Reimplementing LINQ to Objects: Part 4 – Range

This will be a short post, and there’ll probably be some more short ones coming up too. I think it makes sense to only cover multiple operators in a single post where they’re really similar. (Count and LongCount spring to mind.) I’m in your hands though – if you would prefer "chunkier" posts, please say so in the comments.

This post will deal with the Range generation operator.

What is it?

Range only has a single signature:

public static IEnumerable<int> Range(
    int start,
    int count)

Unlike most of LINQ, this isn’t an extension method – it’s a plain old static method. It returns an iterable object which will yield "count" integers, starting from "start" and incrementing each time – so a call to Enumerable.Range(6, 3) would yield 6, then 7, then 8.

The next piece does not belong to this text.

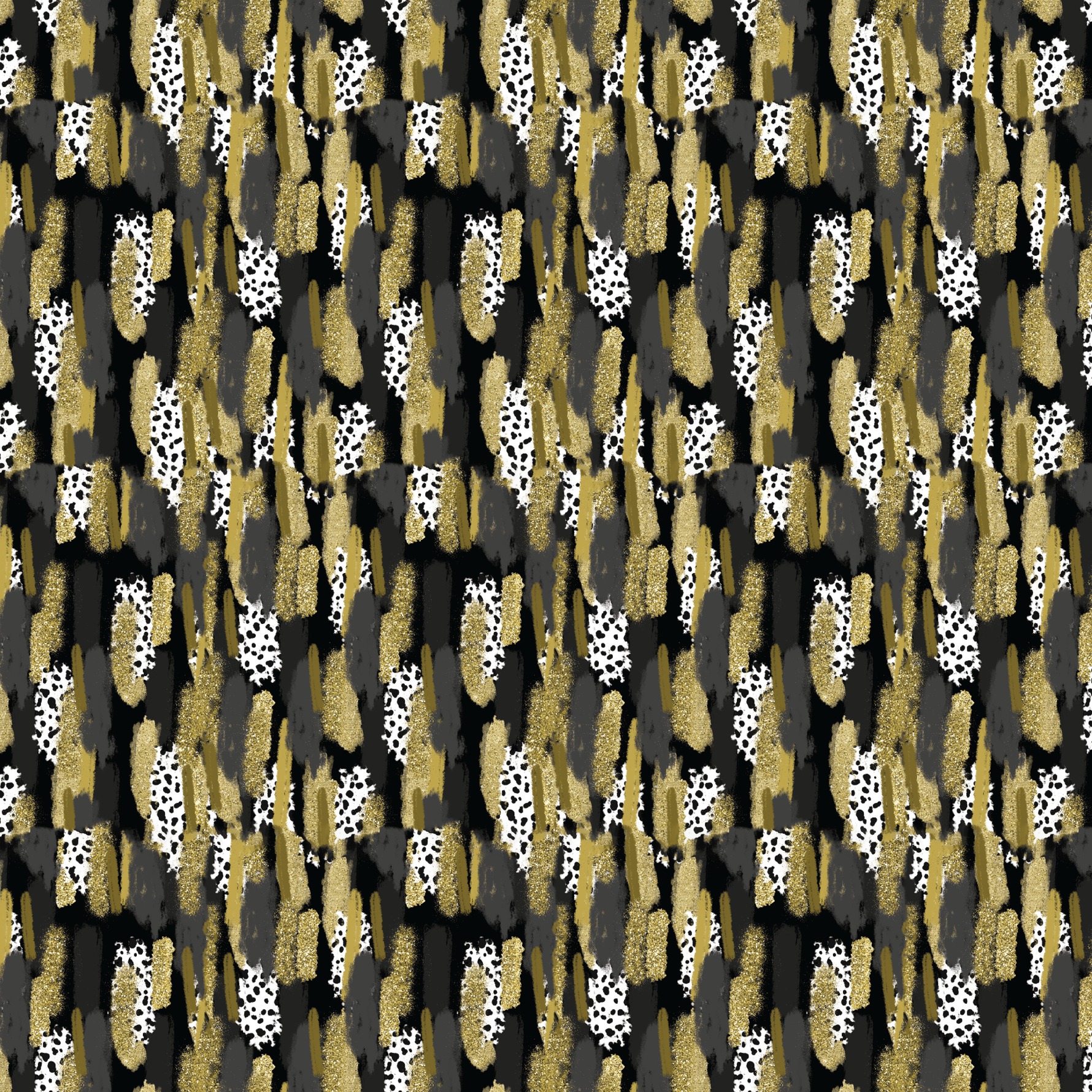 P1166 | Black Gold White Brushstrokes Pattern Acrylic Sheets - CMB Pattern Acrylic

As it doesn’t operate on an input sequence, there’s no sense in which it could stream or buffer its input, but:

  • The arguments need to be validated eagerly; the count can’t be negative, and it can’t be such that any element of the range could overflow Int32.
  • The values will be yielded lazily – Range should be cheap, rather than creating (say) an array of "count" elements and returning that.

How are we going to test it?

Testing a plain static method brings us a new challenge in terms of switching between the "normal" LINQ implementation and the Edulinq one. This is an artefact of the namespaces I’m using – the tests are in Edulinq.Tests, and the implementation is in Edulinq. "Parent" namespaces are always considered when the compiler tries to find a type, and they take priority over anything in using directives – even a using directive which tries to explicitly alias a type name.

The (slightly ugly) solution to this that I’ve chosen is to include a using directive to create an alias which couldn’t otherwise be resolved – in this case, RangeClass. The using directive will either alias RangeClass to System.Linq.Enumerable or Edulinq.Enumerable. The tests then all use RangeClass.Range. I’ve also changed how I’m switching between implementations – I now have two project configurations, one of which defines the NORMAL_LINQ preprocessor symbol, and the other of which doesn’t. The RangeTest class therefore contains:

#if NORMAL_LINQ
using RangeClass = System.Linq.Enumerable;
#else
using RangeClass = Edulinq.Enumerable;
#endif

There are alternatives to this approach, of course:

  • I could move the tests to a different namespace
  • I could make the project references depend on the configuration… so the "Normal LINQ" configuration wouldn’t reference the Edulinq implementation project, and the "Edulinq implementation" configuration wouldn’t reference System.Core. I could then just use Enumerable.Range with an appropriate using directive for System.Linq conditional on the NORMAL_LINQ preprocessor directive, as per the other tests.

I like the idea of the second approach, but it means manually tinkering with the test project file – Visual Studio doesn’t expose any way of conditionally including a reference. I may do this at a later date… thoughts welcome.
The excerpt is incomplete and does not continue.